Ahora de adulto probablemente todo esto se explique en una sola dirección: la ideología. Los símbolos patrios, generan unidad, impiden que una bala nos destroce, y nuestras tripas salgan volando por ahí. El disparo sucedió, va abriendo y violando lo que nos une poco a poco. Probablemente caer en la cuenta de lo que somos gradualmente (mientras perdemos familiares, amigos, rompemos relaciones, nos quedamos solos, nos alejamos de casa, sustituimos amores) es ese gradual proceso de dispersión o separación, de desgarramiento, estamos dispersos, pero los símbolos patrios junto con otra serie de emisores ideológicos como la educación, los próceres, la historia, la religión, la moral, puestos al servicio de un Estado, de una clase, se las arreglan para que todo vuelva potencialmente a su sitio, hacen que nuestros pedazos se orienten hacia un centro único, evitan nuestra dispersión definitiva, y podemos en última instancia utilizarlos para no sentirnos totalmente solos, desprovistos.

Gracias a los símbolos patrios al servicio del aparato ideológico en que respiramos, podemos llorar como un chino, un canadiense o un samoano cuando nuestra bandera remonta a otras banderas en las Olimpiadas o execrar a alguien que usa el estandarte de otro país, etc. Los símbolos nacionales, en cuanto nacionales tienen un sentido evidentemente político, pero en determinados casos sin ellos probablemente caeríamos sin fin, no tendríamos un suelo en donde pararnos, ni un lugar a donde pertenecer; y esto, no sé por qué (vease a Lacán, a Freud), caramba, es muy importante.
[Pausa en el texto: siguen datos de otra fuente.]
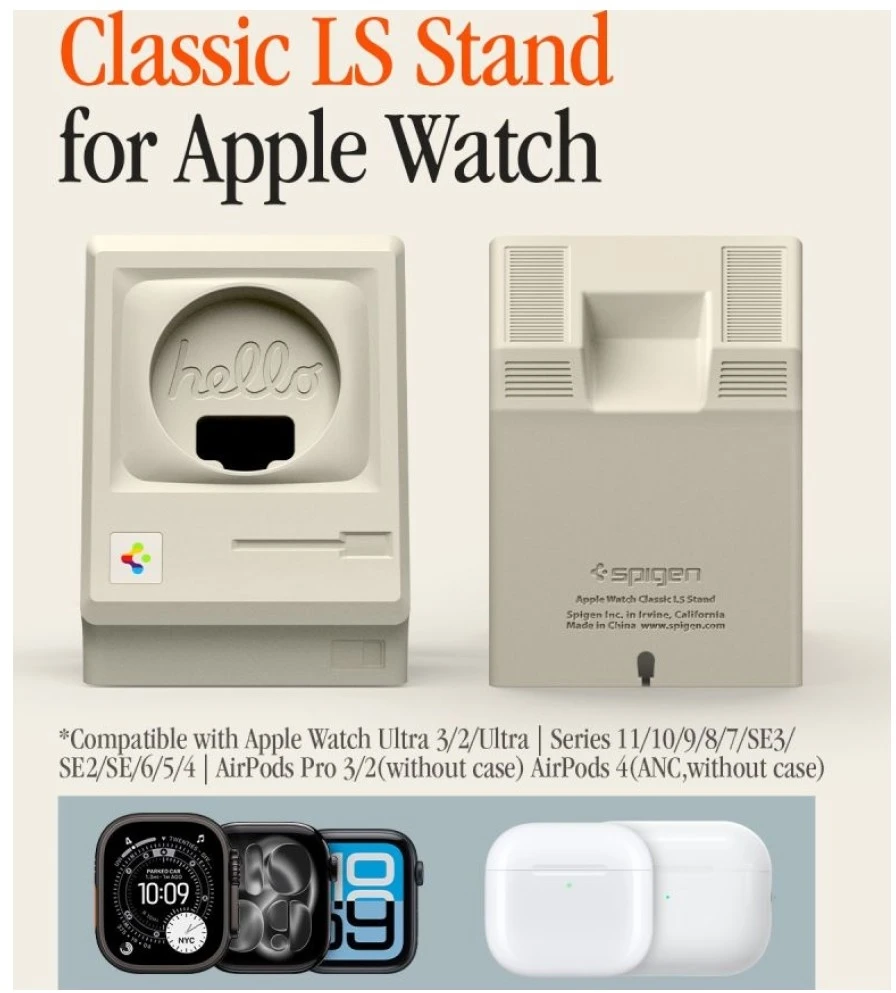 Spigen Classic LS laikiklis Apple Watch – akmens spalvos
Yo honestamente prefiero vivir con ellos. Es cómico. Uno siente que los necesita. Los necesito ahora mismo para no mandar todo al diablo, aun cuando sepa que los usan a veces para dirigir mi conducta. Probablemente uno no quiere todo el tiempo ser su propia patria, necesita un espejo, una pareja, una familia, un espacio donde, ya saben, donde uno no sea un extraño, y pueda tirarse de espaldas pues supones que algo detrás te recibirá. Ulises y su Ítaca, el pájaro y su nido. Se supone que en algún lugar del mundo, pero solo en un SOLO lugar, uno no es un extraño, aunque igual te pateen, y se olviden de ti. Kundera dice que en determinados sujetos (escritores) la patria es la literatura, para Bolaño la patria era su familia, esto puede aplicarse también a un científico, a un deportista, aun hombre, por ejemplo, como Ernesto Guevara cuya patria fue la humanidad y se enfocó hacia un destino colectivo. Un principio trasciende todo esto. Uno necesita una patria como necesita una casa, un receptáculo, y símbolos-paredes que la configuren ya sean escritores, novelas; pintores, pinturas; banderas, escudos, himnos.
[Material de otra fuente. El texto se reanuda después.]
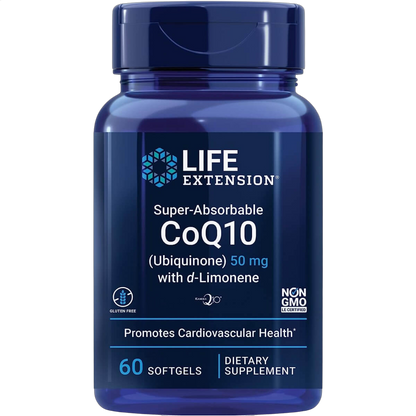 Super-Absorbable CoQ10 (Ubiquinone) with d-Limonene, 50mg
Uno se siente solo ¿no? Disperso, vacío; los límites virtuales que los símbolos patrios, cual boyas en una bahía oscura, indican, te ayudan a conservar tus límites y te acompañan, te dan algunas certidumbres.
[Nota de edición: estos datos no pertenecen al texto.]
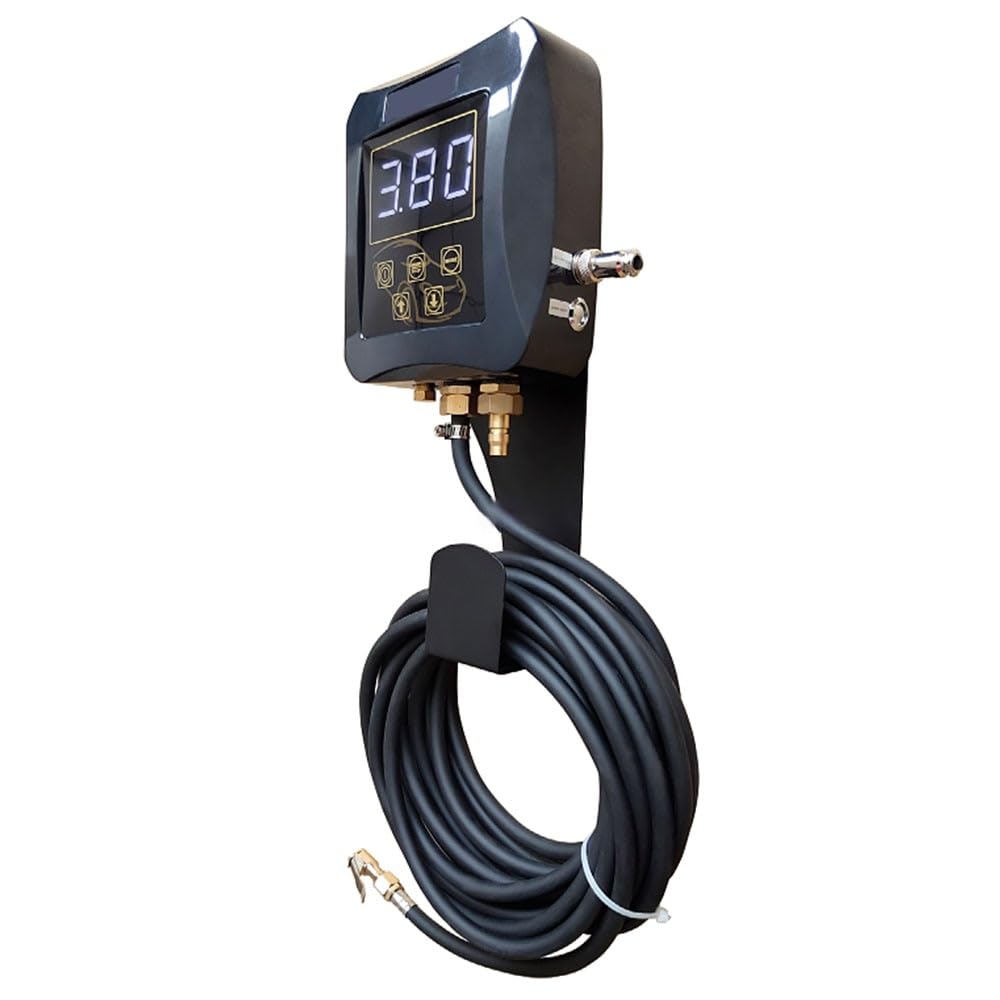 AMNOUR 220V 40W Fully Automatic wall-Mounted tire inflator LED Digital Display Portable air Compressor tire Inflation Tool car Pump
Bueno todo esto de lo que he hablado probablemente tenga un tufo amargo, para mi en cambio, ha sido necesario ese itinerario. Cada fisura en el sistema revela cuán inacabada está la obra humana o socialista, cuánto aun hay que hacer. Uno puede comprometerse o no y buscarse otra patria y otros símbolos para estar en paz con su conciencia, para no vagar como muerto insepulto sin tener a qué aferrarse. Los epitafios de la historia, esa que escriben los vencedores, son dudosos. Pero quién me convence de que escribir para un blog, pretendiendo “aportar algo” a este proyecto caótico, no es un acto que revela ser lo contrario de pesimista.